The current AssumeRole flow supports session policies and converts the IAM resources to Ozone objects, permissions and actions for Ranger to consume. The Ranger authorizer defines the embedded session policy format in the STS token - it is opaque to Ozone.
|
|
||
| The common request-shape extension point is | ||
| `AssumeRoleWithWebIdentityRequest`, with | ||
| `IAccessAuthorizer.generateAssumeRoleWithWebIdentitySessionPolicy()` as the |
There was a problem hiding this comment.
Curious why the current IAccessAuthorizer.generateAssumeRoleSessionPolicy() method can't be used once the JWT token is validated and a valid Ozone Kerberos user is identified?
|
|
||
| - `authType=ASSUME_ROLE` for existing tokens, with `originalAccessKeyId` | ||
| preserved; | ||
| - `authType=WEB_IDENTITY` for new tokens, with effective user, groups, issuer, |
There was a problem hiding this comment.
Who would the effective user be in the case of WEB_IDENTITY?

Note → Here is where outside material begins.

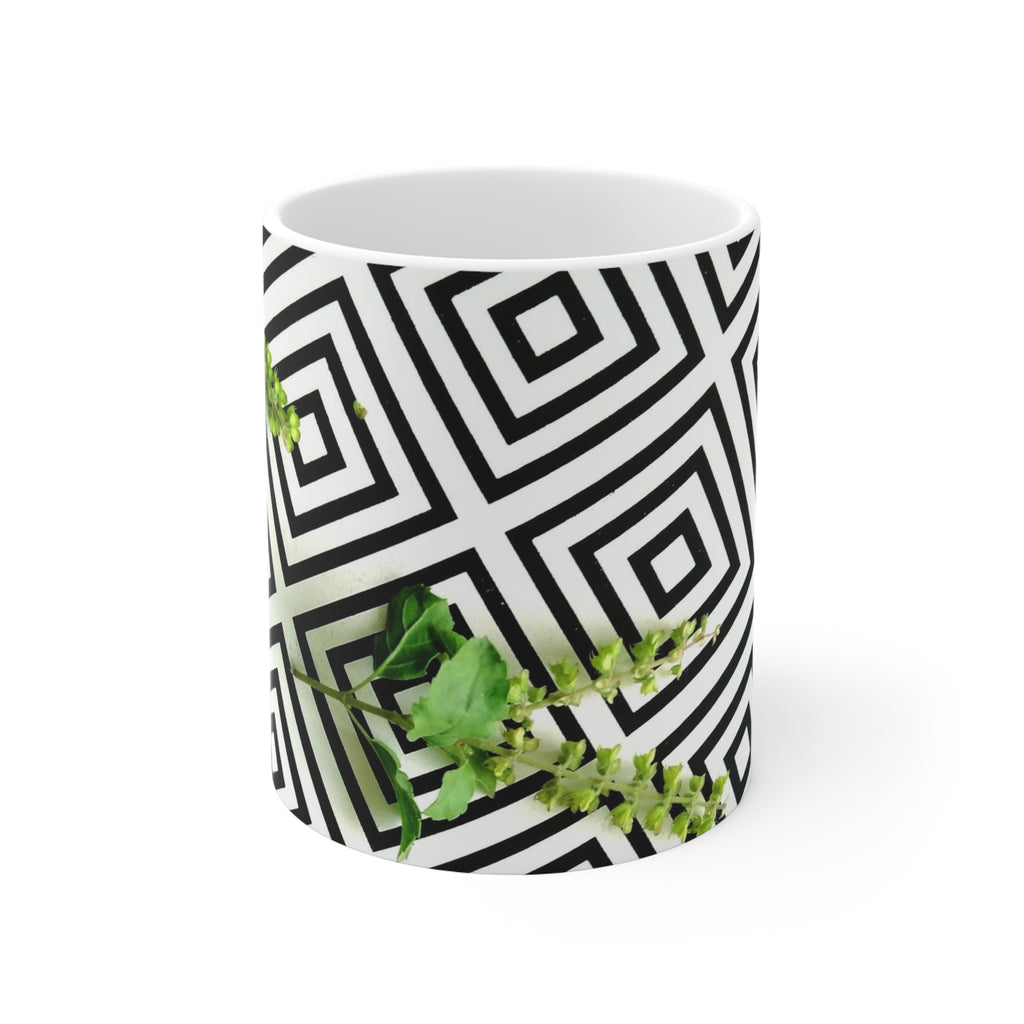 Ceramic Mugs (11oz\15oz\20oz)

| Errors should use STS/S3-compatible codes where possible: | ||
|
|
||
| - invalid or expired JWT: `InvalidIdentityToken`; | ||
| - disabled feature: `AccessDenied` or `InvalidAction`; |
There was a problem hiding this comment.
I believe FEATURE_NOT_ENABLED is used for disabled feature
| - disabled feature: `AccessDenied` or `InvalidAction`; | ||
| - unauthorized role assumption: `AccessDenied`; | ||
| - unsupported optional parameter: `InvalidParameterValue`; | ||
| - internal validation or revocation failures: fail closed. |
There was a problem hiding this comment.
What response code would occur if the JWKS server is down/unresponsive?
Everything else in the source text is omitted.